AIMET Tensorflow Layer Output Generation API¶
This API captures and saves intermediate layer-outputs of a model. The model can be original(FP32) or quantsim. The layer-outputs are named according to the exported Tensorflow model by the quantsim export API. This allows layer-output comparison amongst FP32 model, quantization simulated model and actually quantized model on target-device to debug accuracy miss-match issues.
Top-level API¶
-
class
aimet_tensorflow.layer_output_utils.
LayerOutputUtil
(session, starting_op_names, output_op_names, dir_path)[source]¶ Implementation to capture and save outputs of intermediate layers of a model (fp32/quantsim)
Constructor for LayerOutputUtil.
- Parameters
session (
Session
) – Session containing the model whose layer-outputs are needed.starting_op_names (
List
[str
]) – List of starting op names of the model.output_op_names (
List
[str
]) – List of output op names of the model.dir_path (
str
) – Directory wherein layer-outputs will be saved.
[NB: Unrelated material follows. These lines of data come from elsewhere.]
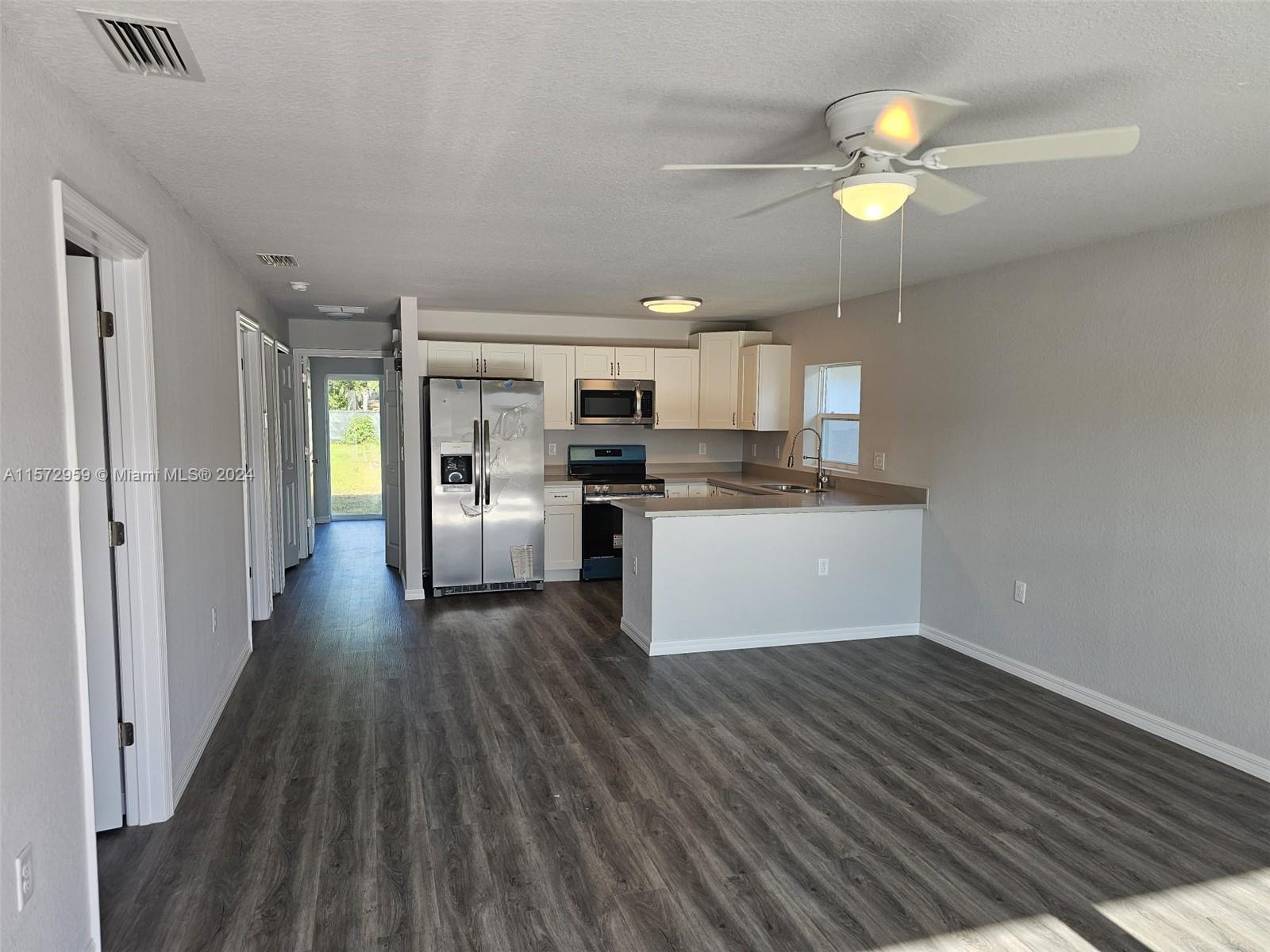 Las Villas at Kenilworth - Residential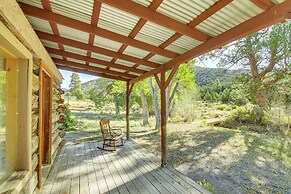 Bryce Canyon Basecamp: Historic Homesteader Cabin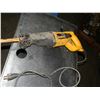 Image 1 : Dewalt Sawzall
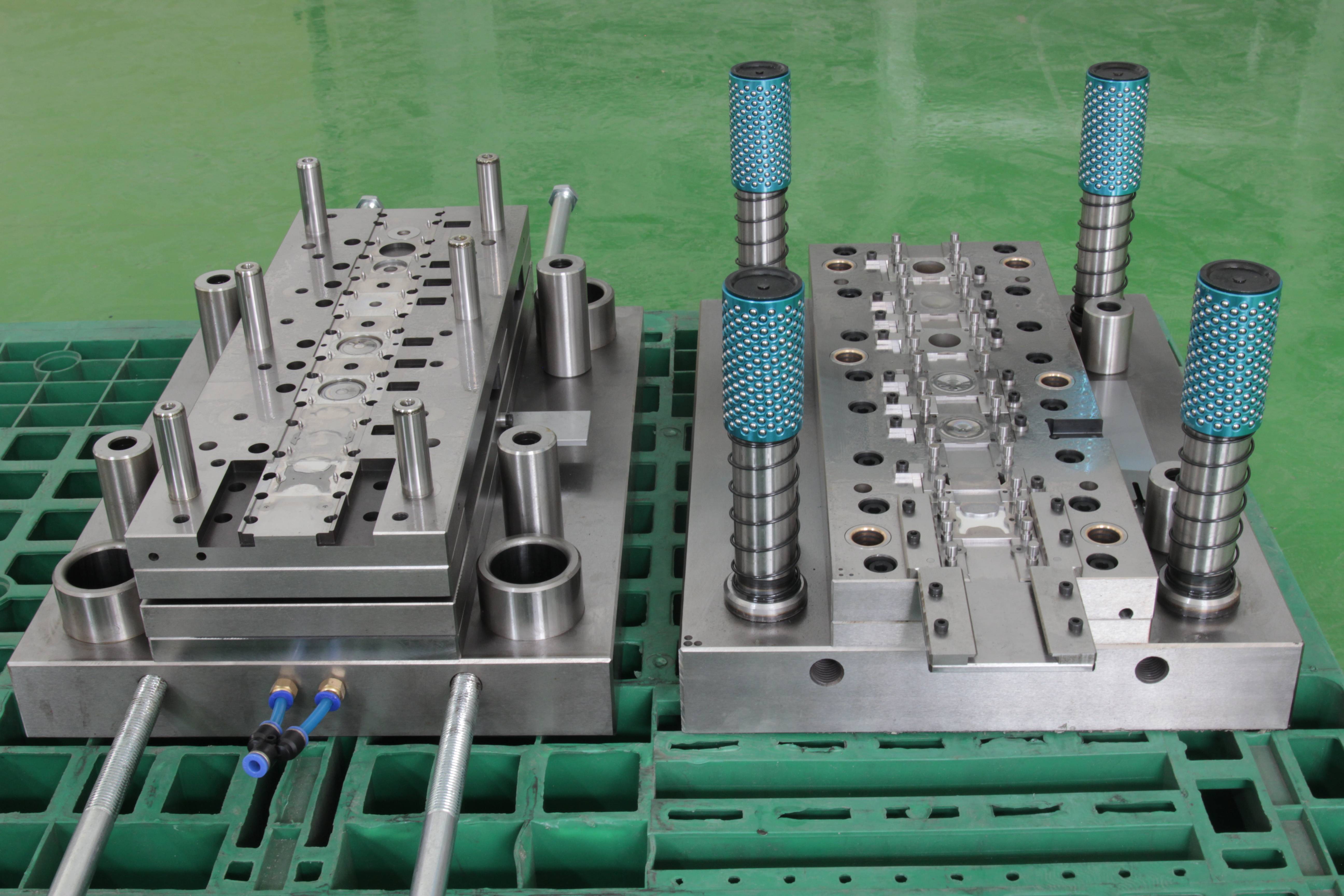 专业的新能源锂电池模具源头厂家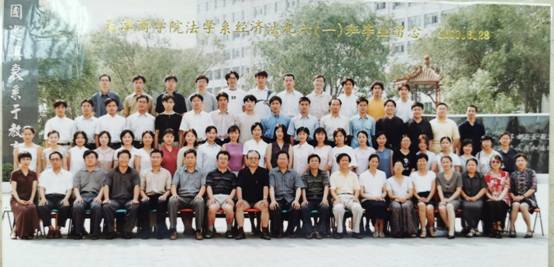 00届法政学院（法学）1班毕业照.jpg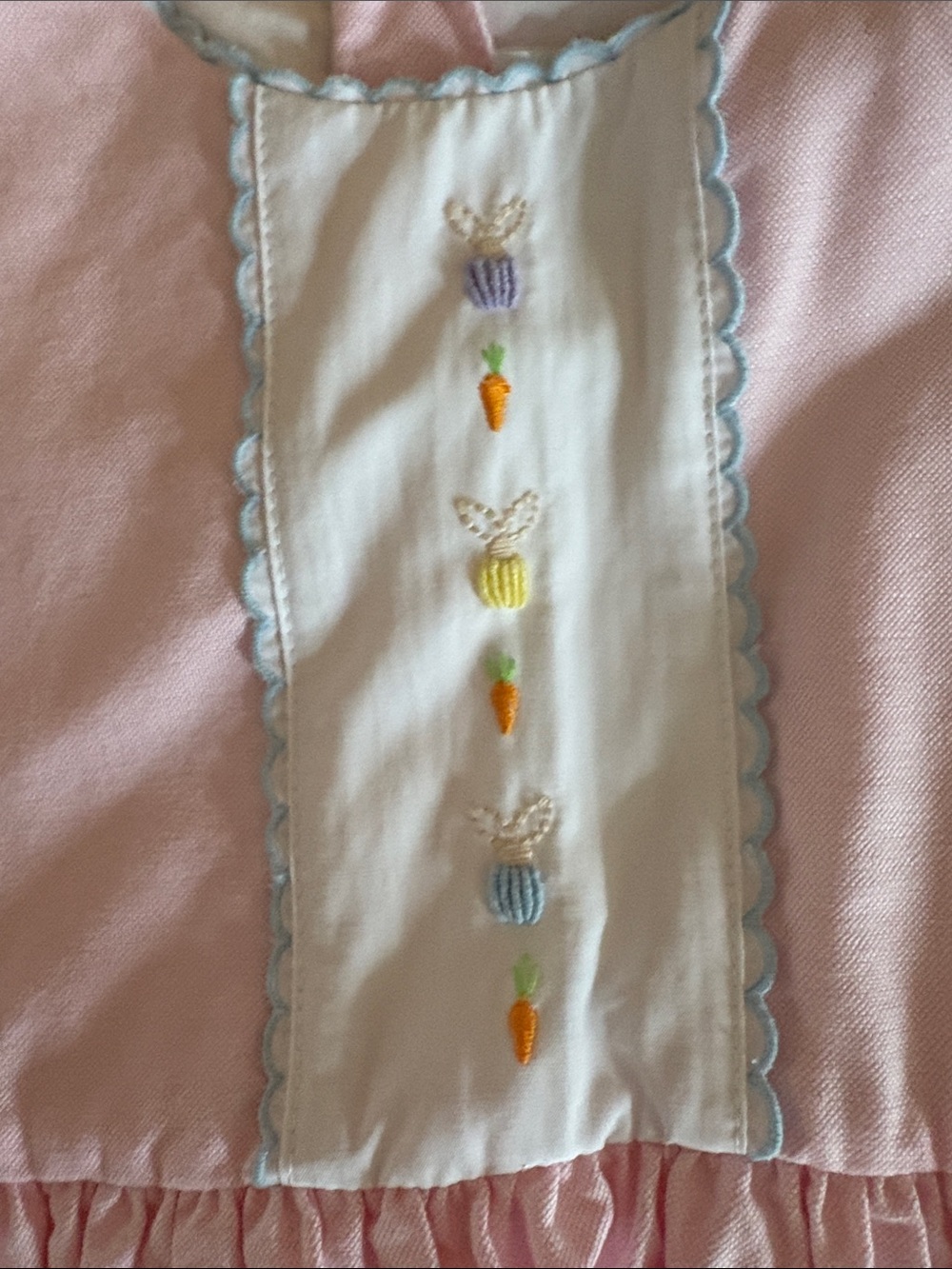 Sweet Pastel Puff-Sleeve Girls' Easter Dress with White Accents - Picture 3 of 4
The following API can be used to Generate Layer Outputs
-
LayerOutputUtil.
generate_layer_outputs
(input_batch)[source]¶ This method captures output of every layer of a model & saves the inputs and corresponding layer-outputs to disk.
- Parameters
input_batch (
Union
[ndarray
,List
[ndarray
],Tuple
[ndarray
]]) – Batch of inputs for which we want to obtain layer-outputs.- Returns
None
Code Example¶
Imports
import numpy as np
import tensorflow as tf
from aimet_tensorflow.examples.test_models import keras_model
from aimet_tensorflow.quantsim import QuantizationSimModel
from aimet_tensorflow.layer_output_utils import LayerOutputUtil
Obtain Original or QuantSim model session
# Load original model into session
def cpu_session():
tf.compat.v1.reset_default_graph()
with tf.device('/cpu:0'):
model = keras_model()
init = tf.compat.v1.global_variables_initializer()
session = tf.compat.v1.Session()
session.run(init)
return session
session = cpu_session()
# Obtain quantsim model session
def quantsim_forward_pass_callback(session, dummy_input):
model_input = session.graph.get_tensor_by_name('conv2d_input:0')
model_output = session.graph.get_tensor_by_name('keras_model/Softmax_quantized:0')
return session.run(model_output, feed_dict={model_input: dummy_input})
dummy_input = np.random.randn(1, 16, 16, 3)
quantsim = QuantizationSimModel(session, ['conv2d_input'], ['keras_model/Softmax'], use_cuda=False)
quantsim.compute_encodings(quantsim_forward_pass_callback, dummy_input)
Obtain pre-processed inputs
# Get the inputs that are pre-processed using the same manner while computing quantsim encodings
input_batches = get_pre_processed_inputs()
Generate Layer Outputs
# Generate layer-outputs
layer_output_util = LayerOutputUtil(session=quantsim.session, starting_op_names=['conv2d_input'],
output_op_names=['keras_model/Softmax'], dir_path='./layer_output_dump')
for input_batch in input_batches:
layer_output_util.generate_layer_outputs(input_batch)